* [Task description]
When you write out the listing below, keep each word exactly as it stands and drop the pictures.

Start of Block

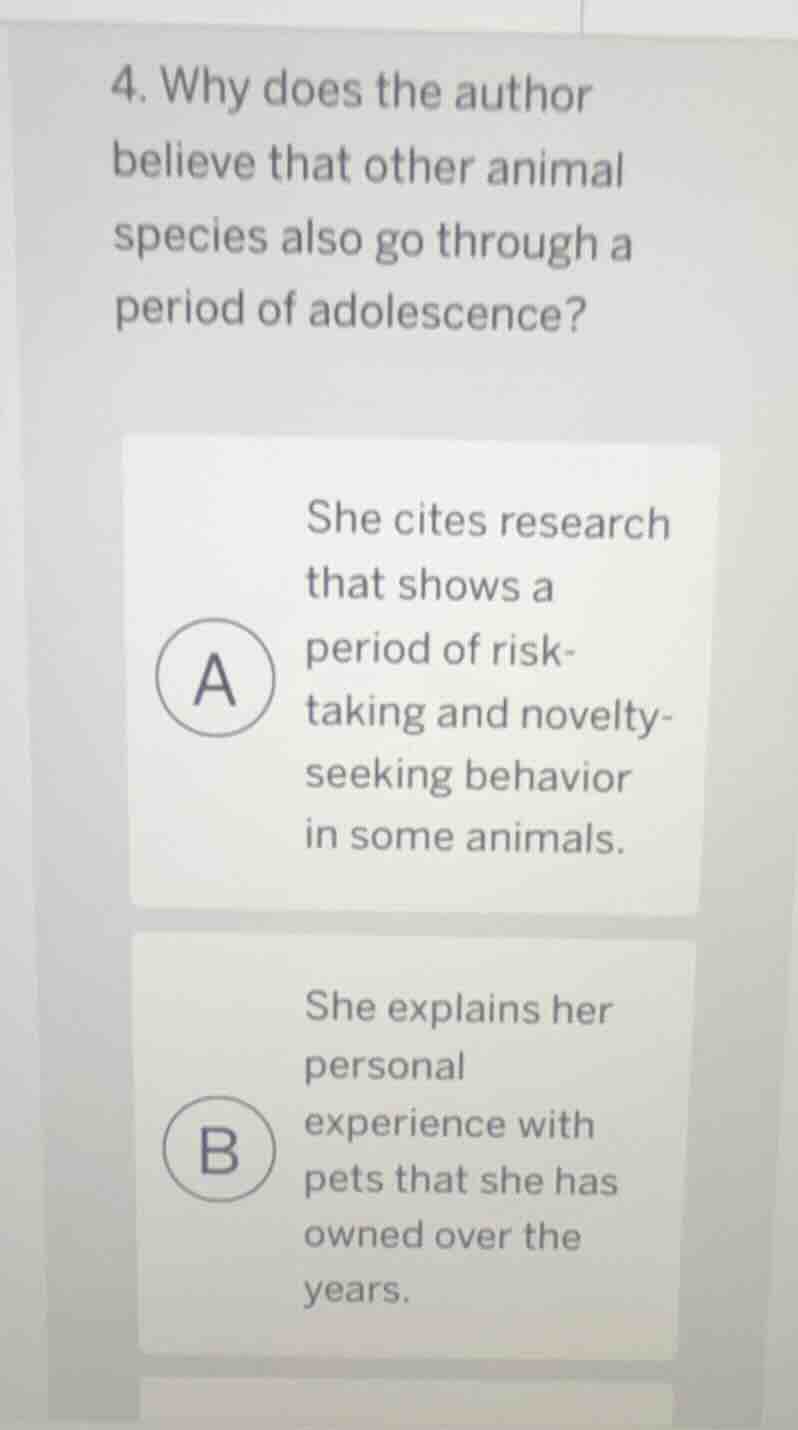 4. why does the author believe that other animal species also go throug…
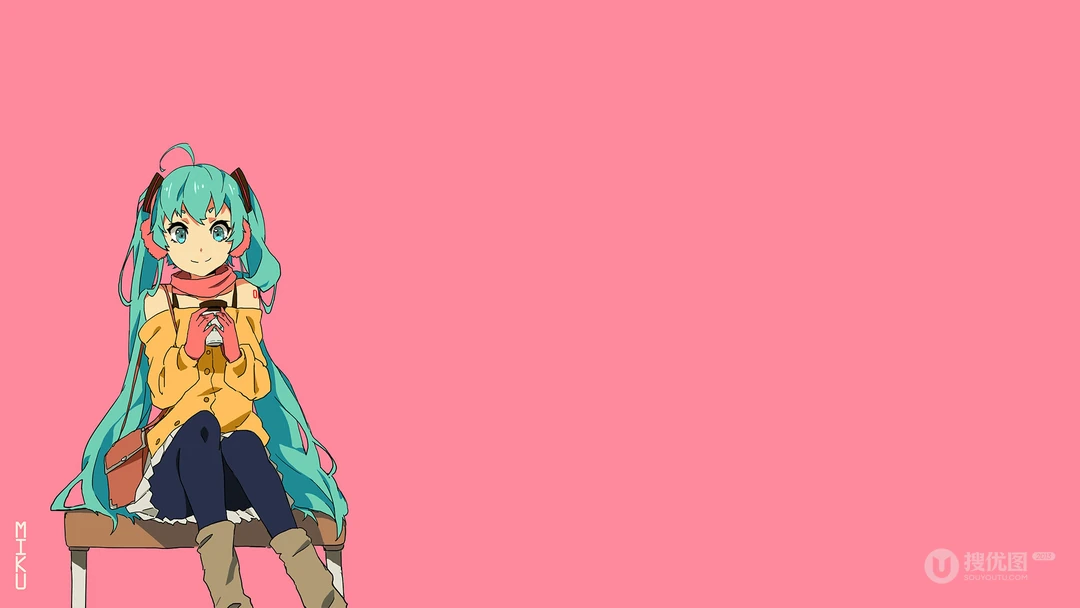 动漫人物初音未来简洁纯色背景桌面壁纸5月6日推荐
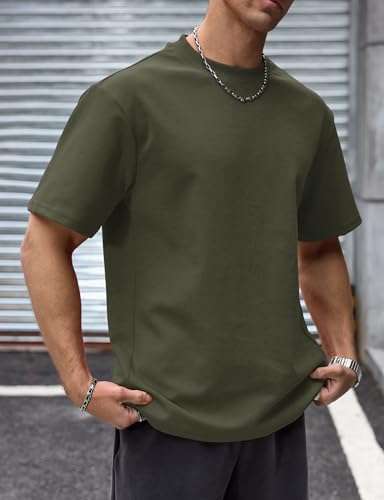 Image of Herberton Mens Oversized T-Shirts Heavyweight Cotton Stretch Fashion Thick Tee Tops (S-3XL)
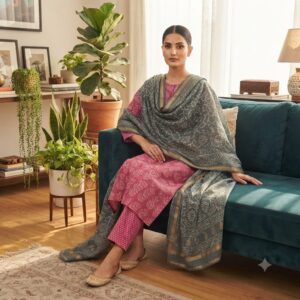 handblock print chanderi silk (purple with white dot)
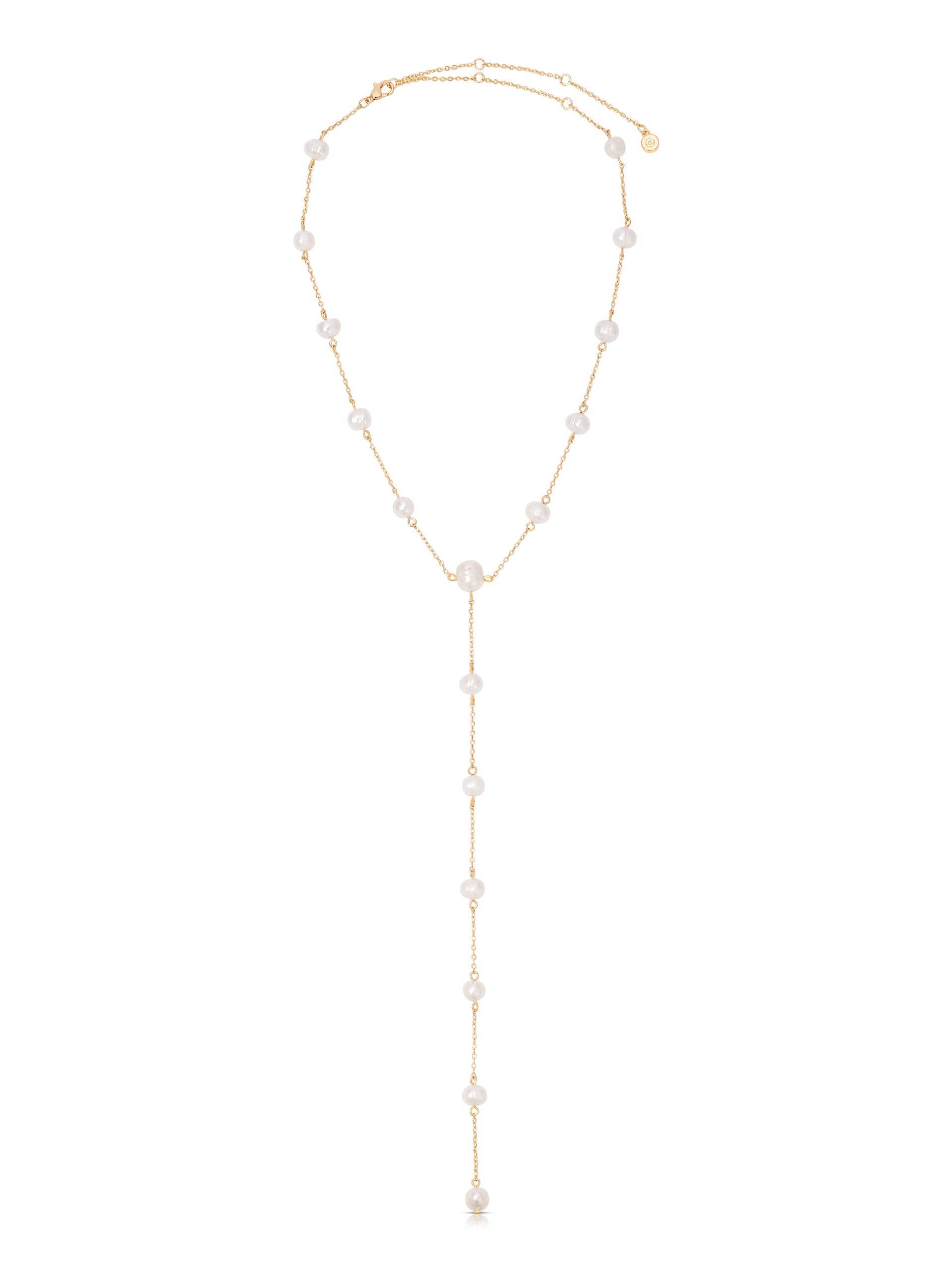 Dripping Pearl Lariat Necklace: Pearl with 18k Gold Plating / One Size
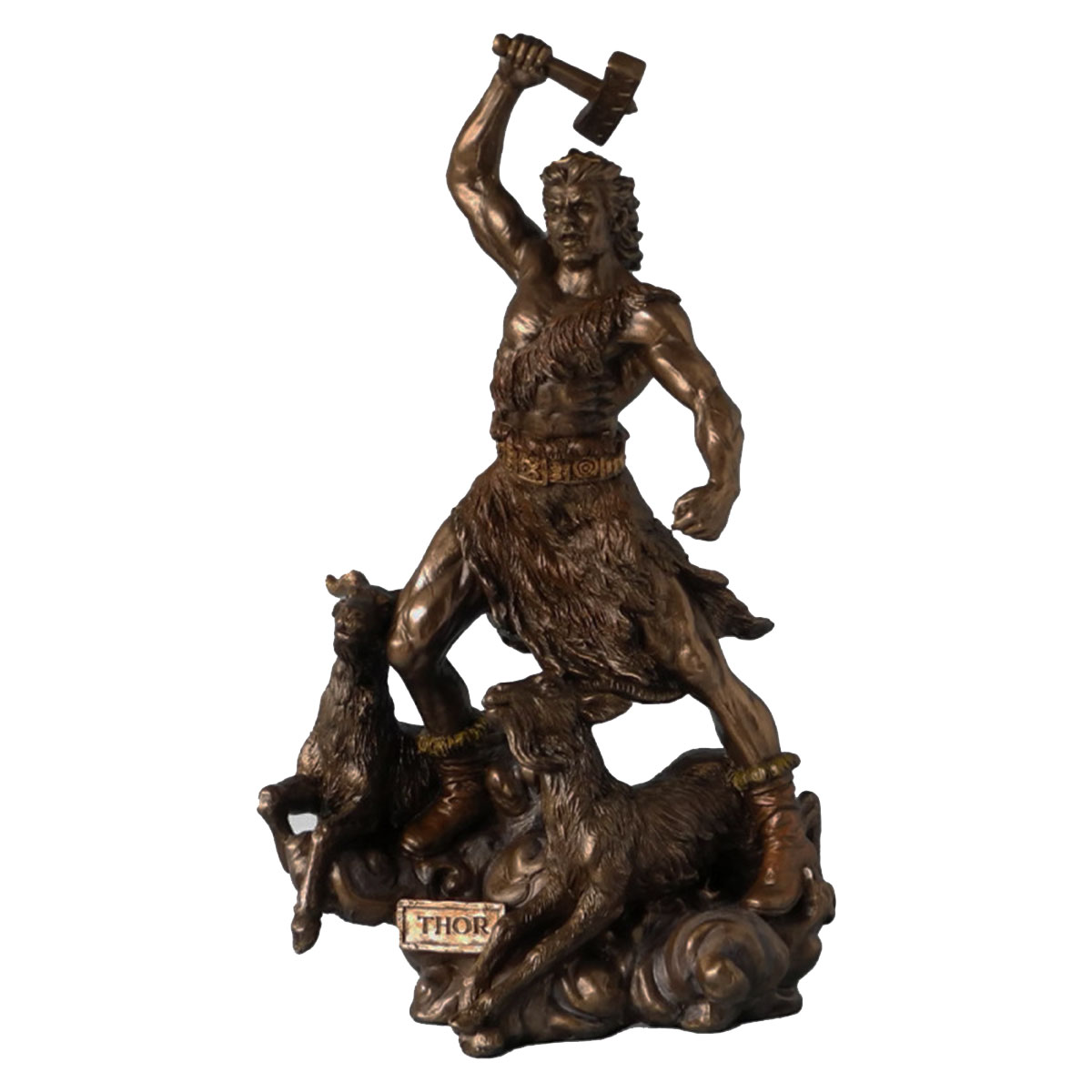 Figurine Thor et ses boucs en rsine aspect bronze 29 cm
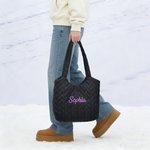 Personalized Diamond Quilted Embroidery Lightweight Tote Bag with Name Daily Use Travel Birthday Gift for Women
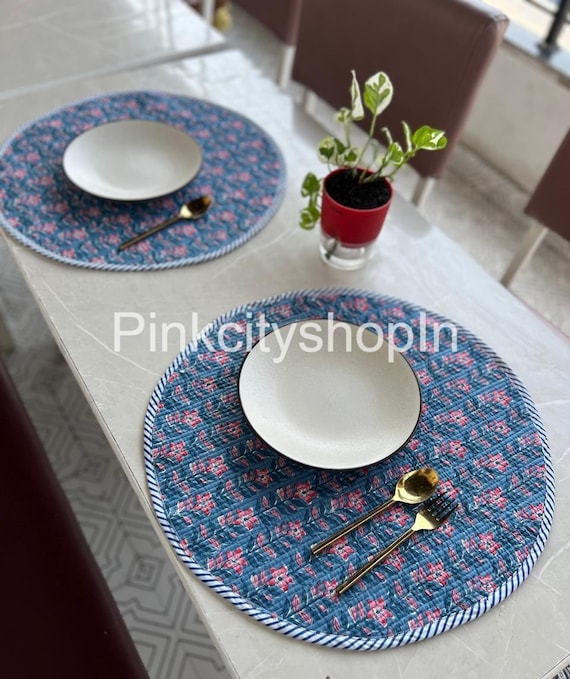 Gesteppte Tischsets, bunte Küchen-Esstischsets, Tischsets mit Blockdruck, Tischsets aus dicker Baumwolle, Tischsets im Großhandel,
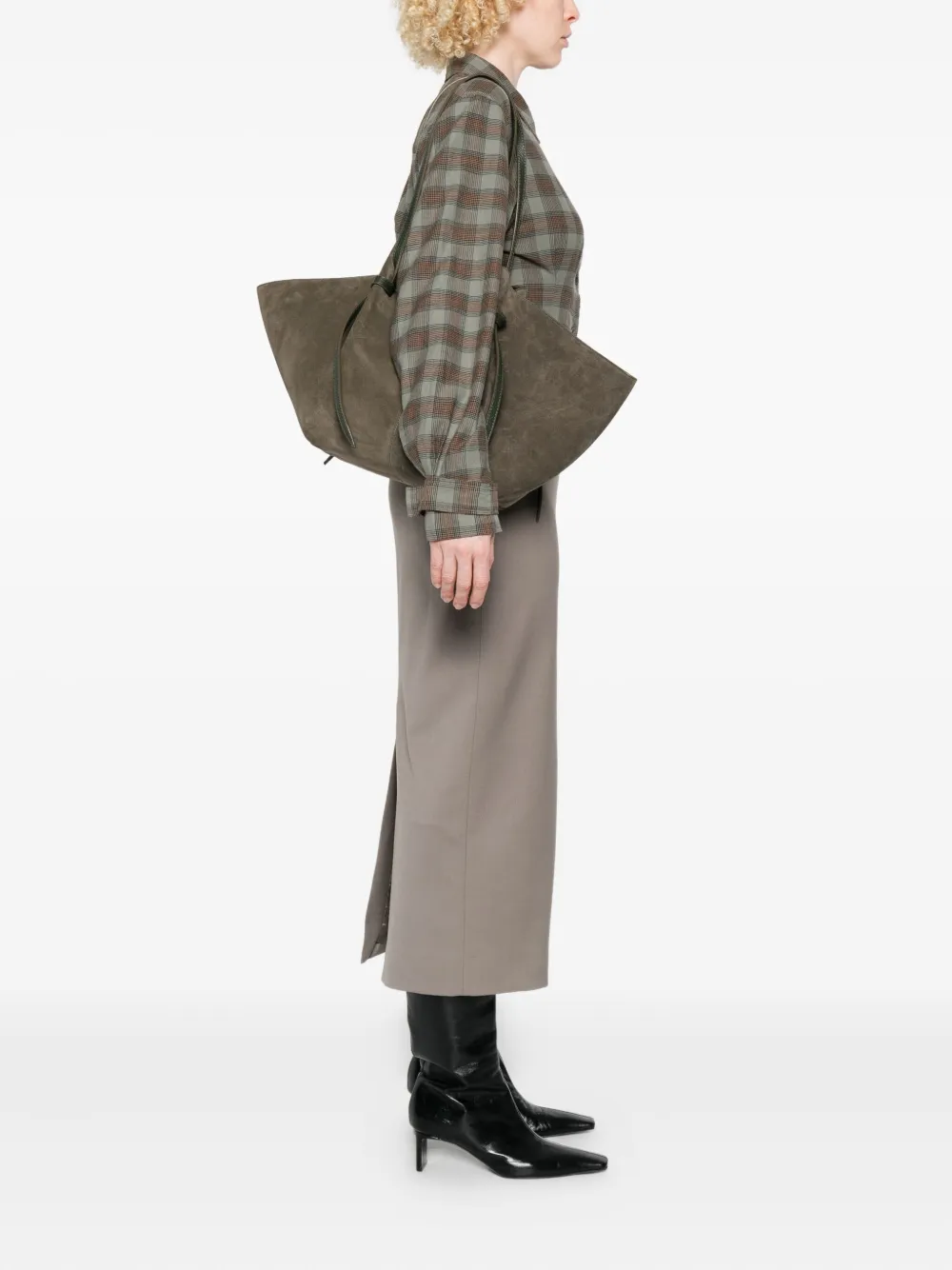 Yuzefi Suède shopper - Groen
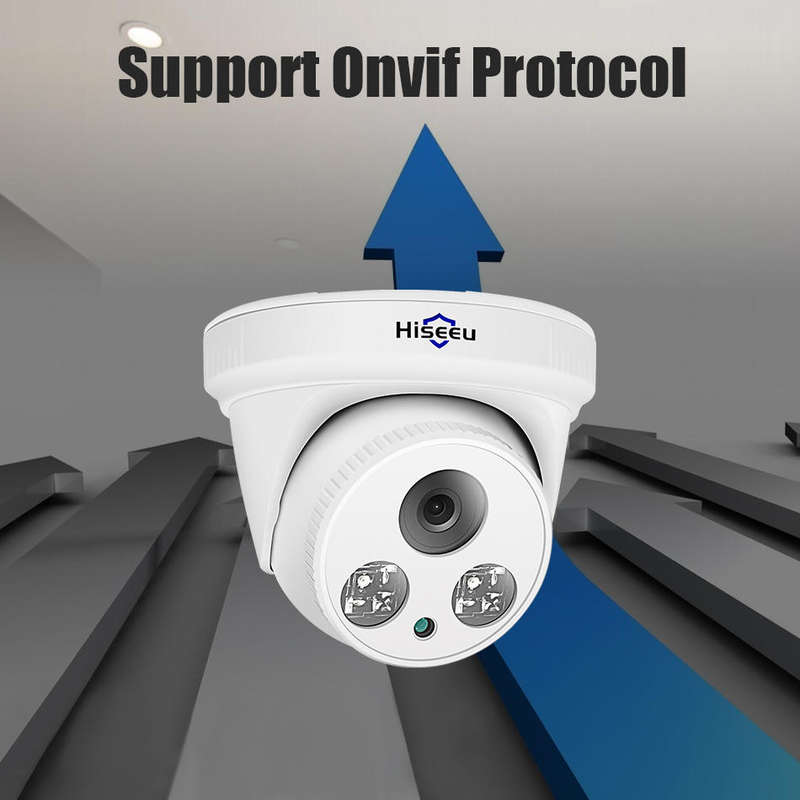 Hiseeu HC615-P-3.6 5MP 1920P POE IP Camera H.265 Audio Dome Camera ONVIF Motion Detect for PoE NVR A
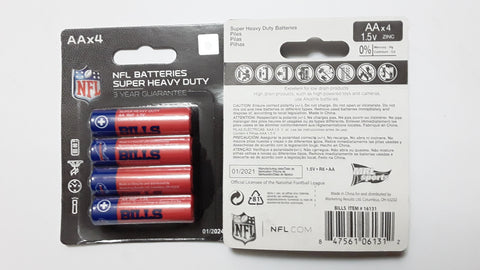 Buffalo Bills NFL Super Heavy Duty AA 4 Pack Batteries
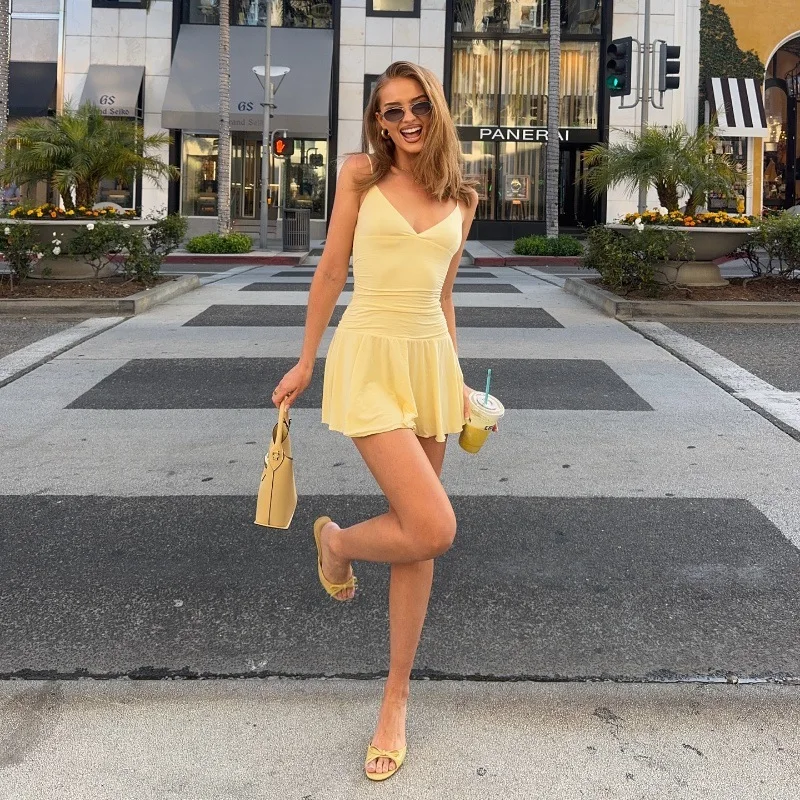 

SKMY Women Clothing 2025 Summer New Fashion Temperament Sleeveless Dress Solid Color Sexy Slim Fit Spaghetti Strap Short Dresses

End of Block

* [Response to this task]
 4. why does the author believe that other animal species also go throug…
 动漫人物初音未来简洁纯色背景桌面壁纸5月6日推荐
 Image of Herberton Mens Oversized T-Shirts Heavyweight Cotton Stretch Fashion Thick Tee Tops (S-3XL)
 handblock print chanderi silk (purple with white dot)
 Dripping Pearl Lariat Necklace: Pearl with 18k Gold Plating / One Size
 Figurine Thor et ses boucs en rsine aspect bronze 29 cm
 Personalized Diamond Quilted Embroidery Lightweight Tote Bag with Name Daily Use Travel Birthday Gift for Women
 Gesteppte Tischsets, bunte Küchen-Esstischsets, Tischsets mit Blockdruck, Tischsets aus dicker Baumwolle, Tischsets im Großhandel,
 Yuzefi Suède shopper - Groen
 Hiseeu HC615-P-3.6 5MP 1920P POE IP Camera H.265 Audio Dome Camera ONVIF Motion Detect for PoE NVR A
 Buffalo Bills NFL Super Heavy Duty AA 4 Pack Batteries

SKMY Women Clothing 2025 Summer New Fashion Temperament Sleeveless Dress Solid Color Sexy Slim Fit Spaghetti Strap Short Dresses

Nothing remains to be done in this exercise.